The candidates are promising strikingly different solutions to a range of other problems. Obama would use federal policy to give most Americans access to health care coverage while McCain would rely mainly on market forces, such as tax policies, to expand coverage.
On economic issues, Obama promises to raise taxes on people earning more than $250,000 a year, impose a temporary freeze on some foreclosures, and give workers facing hardships penalty-free withdrawals from their retirement funds. McCain, on the other hand, promises to set aside $300 billion of the federal bailout plan to buy mortgages and allow people to renegotiate with their banks and remain in their homes.
The governor's race
Meanwhile, Missouri's gubernatorial race has experienced its own roller coaster effect. Gov. Matt Blunt surprised even those Republicans closest to him when he announced he would not seek re-election. Instead of closing ranks around a consensus candidate, the Republicans had a spirited -- some would say, even mean-spirited -- primary, with state Treasurer Sarah Steelman trying to defeat the less well-known but establishment supported U.S. Rep. Kenny Hulshof.
Attorney General Jay Nixon, a Democrat, made his gubernatorial campaign a referendum on Gov. Matt Blunt's cuts in Medicaid benefits -- and barely changed course even after Blunt, a Republican, declared he would not seek re-election. Nixon, a Democrat, promises to restore the cuts by drawing down millions of federal matching dollars for states that invest more of their money in health care for the needy.

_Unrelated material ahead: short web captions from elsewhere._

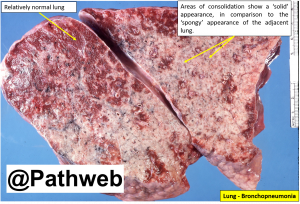 Lung Lobar Pneumonia – NUS Pathweb :: NUS Pathweb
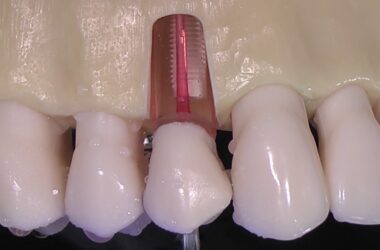 Endodontic-tips-ACTEON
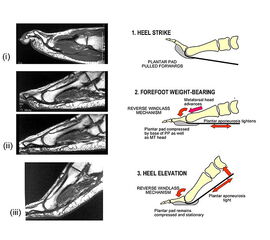 MRT Aufnahmen und Skizzen zur Demonstration des Effekts der Belastung auf den Vorfuß und das plantare Fettpolster. Dargestellt sind die verschiedenen Phasen des Gangzyklus. 
<div style="text-align:left">1. Beim Fersenaufsatz befinden sich die Zehengrundge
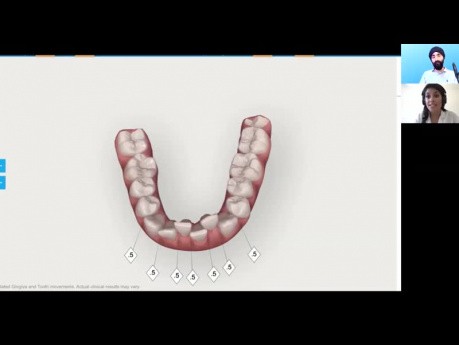 IPR Techniques with an Orthodontist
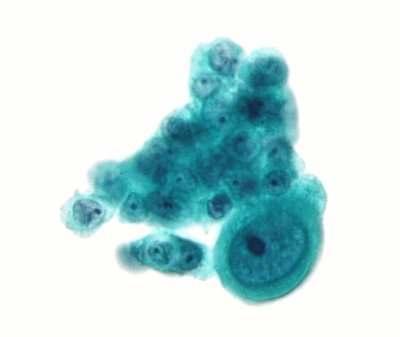 Cytopathology
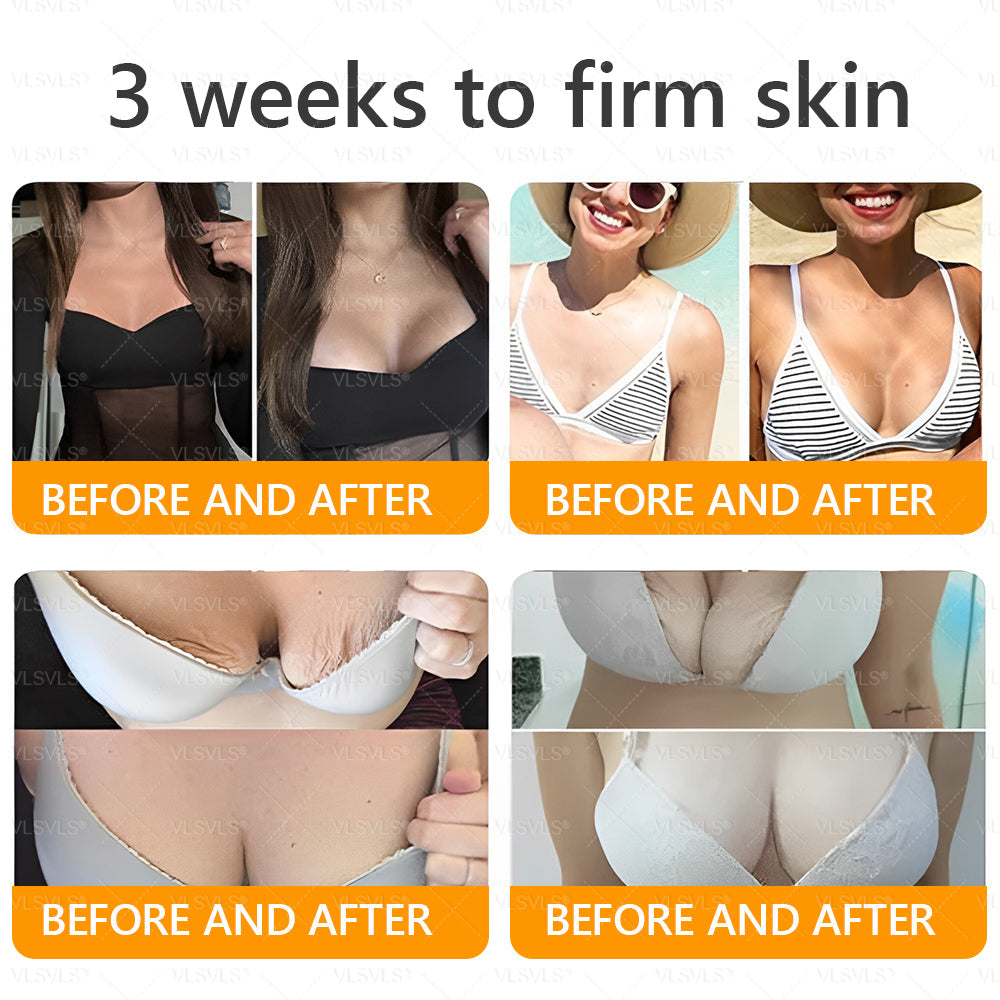 Made and Shipped from USA ✨ VLSVLS® Bee Venom Skin Restoration Cream 🌸 Anti-aging,Hydrating, Skin Repair, Even Tone, Acne and Dark Spot Treatment, Wart and Mole Removal, Psoriasis Relief CS 🔥 LAST DAY 80% OFF 💎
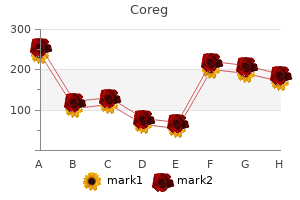 buy 25 mg coreg visa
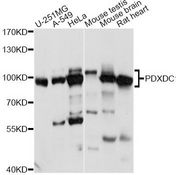PDXDC1 Antibody - Western blot analysis of extracts of various cell lines, using PDXDC1 antibody at 1:1000 dilution. The secondary antibody used was an HRP Goat Anti-Rabbit IgG (H+L) at 1:10000 dilution. Lysates were loaded 25ug per lane and 3% nonfat dry milk in TBST was used for blocking. An ECL Kit was used for detection and the exposure time was 30s.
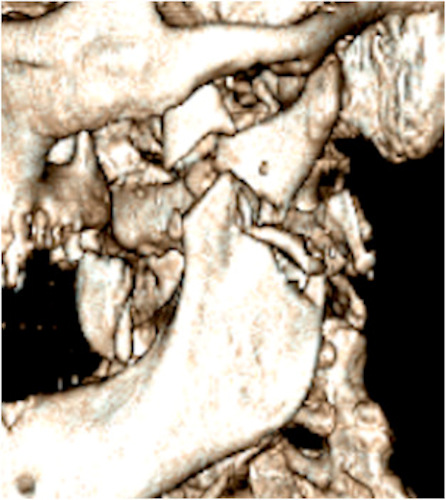 A 3D image showing a left mandibular ramus fracture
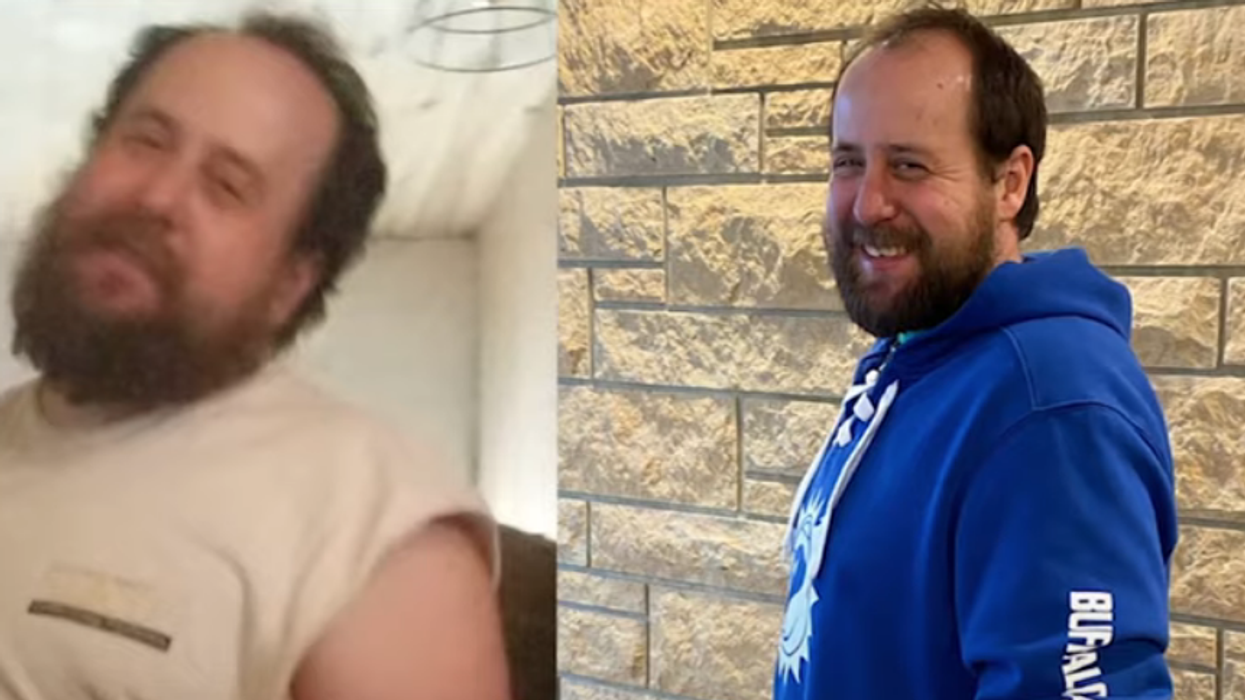 This dad lost 40 pounds so he could donate his liver to save his 1-year-old son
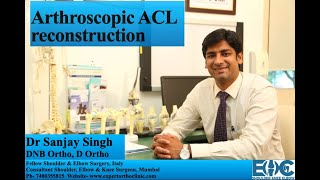 Arthroscopic ACL Reconstruction Surgery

Hulshof disagrees. Instead of promising to spend more on Medicaid-like programs, Hulshof, a Republican, has campaigned on using a market-based approach of allowing Missourians to buy into health care that he said would be affordable and accessible.
Nixon also has linked Hulshof to Blunt's economic policies, saying Missouri has lost more jobs in a year than the number lost by all border states combined. Hulshof points to studies showing that Missouri's record for creating jobs has improved under Blunt's policies.
On education, Nixon wants to make college affordable by expanding the number of students qualifying for free tuition, while Hulshof promises to increase state appropriations for higher education as a way of reducing the cost of tuition.
The federal and state campaigns have been improbable in many ways and filled with precedents. For the first time, an African American heads the ticket of a major political party. And no matter which party wins, either an African American or a woman will serve as president or vice president.
Yet, despite the historic nature of the election, voters are expected to be motivated by less lofty -- and more down-to-earth -- concerns. The mantra dominating Bill Clinton's first run for the White House applies again this time, perhaps even more.
The smartest candidate -- and likely the winning candidate -- may be the one who's best remembered, "It's the economy, stupid."